> [Dataset records]
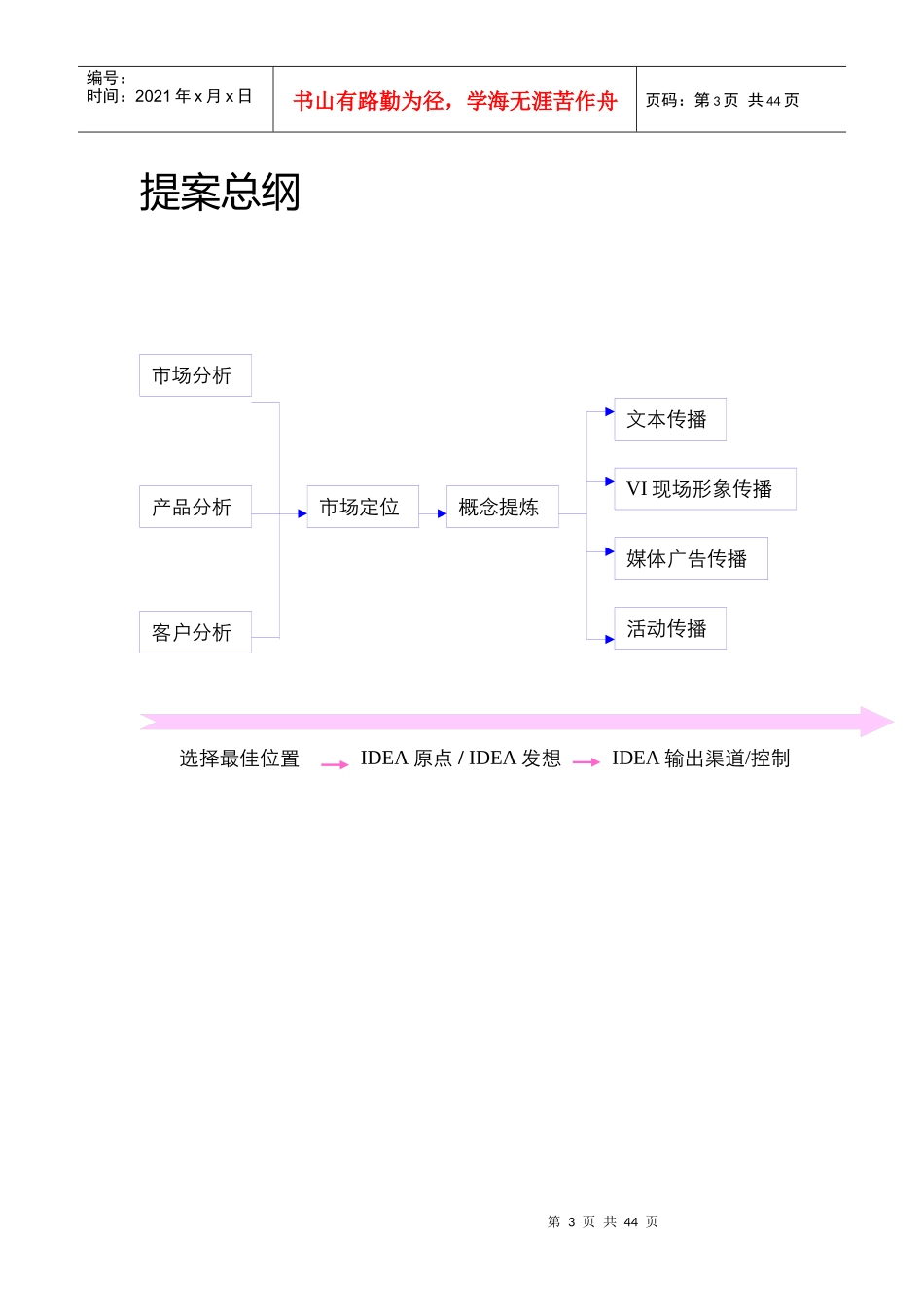 长兴项目整合推广计划_第3页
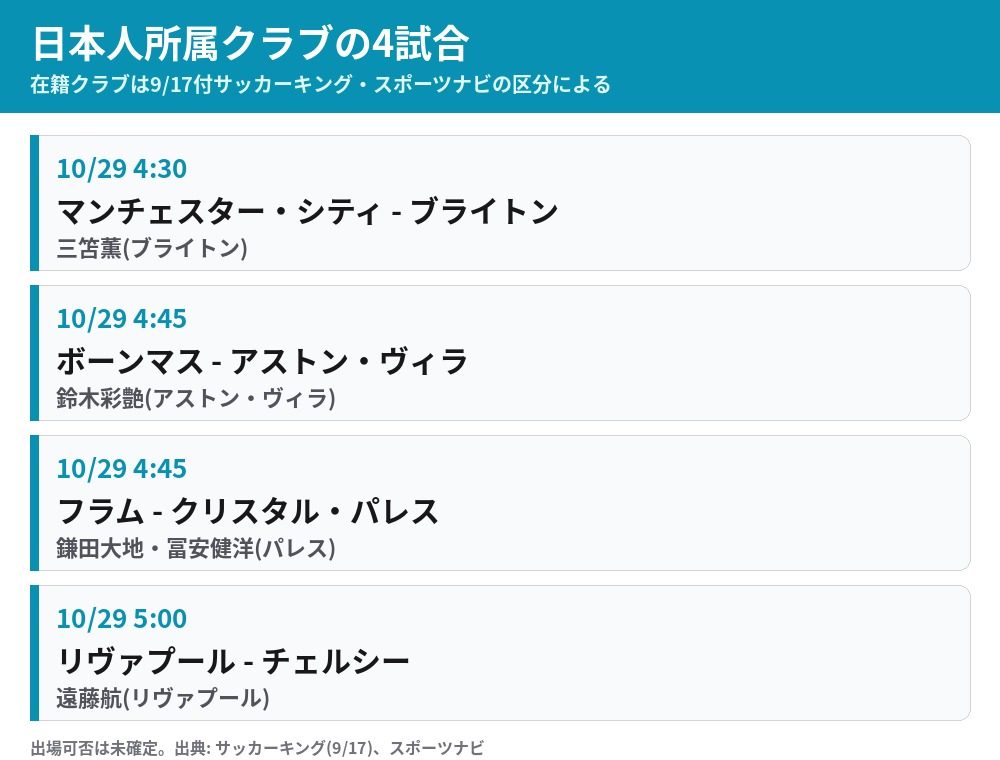 カラバオカップ4回戦 日本人選手が所属するクラブの4試合 遠藤航・三笘薫・鈴木彩艶・鎌田大地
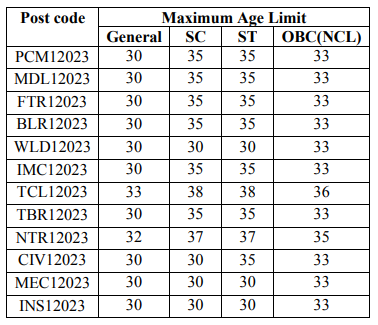 Oil India 性xXXX视频 2023 Age Limit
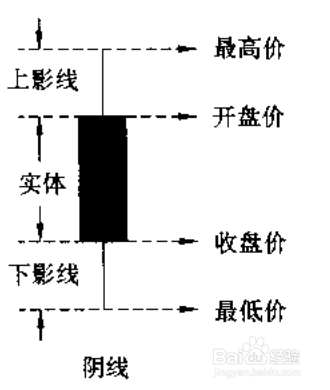 快速学会股票操作之二：学会看大盘k线图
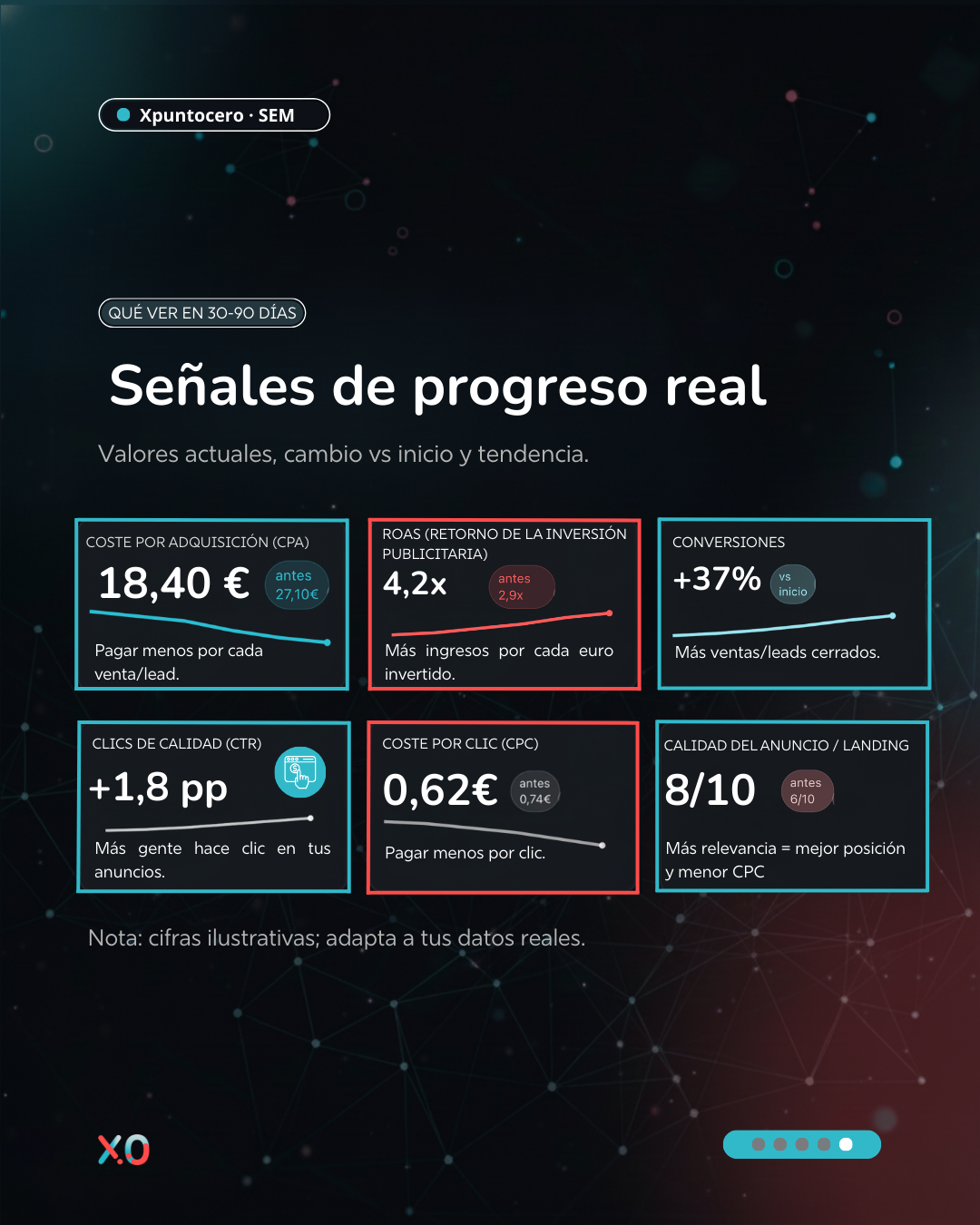 SEM Local: Cómo convertir búsquedas cercanas en oportunidades inmediatas 4 SEM
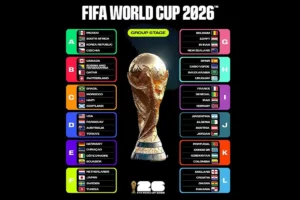Piala Dunia 2026: Jadwal Lengkap, Upacara Pembukaan, dan Tantangan Baru Liverpool di Era Andoni Iraola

> [Task prompt] Transcribe exactly the lines from the one holding "Oil India 性xXXX视频 2023 Age Limit" through the final line of the material above, both ends included; any pictures should be dropped.

> [Solution to this task]
 Oil India 性xXXX视频 2023 Age Limit
 快速学会股票操作之二：学会看大盘k线图
 SEM Local: Cómo convertir búsquedas cercanas en oportunidades inmediatas 4 SEM
Piala Dunia 2026: Jadwal Lengkap, Upacara Pembukaan, dan Tantangan Baru Liverpool di Era Andoni Iraola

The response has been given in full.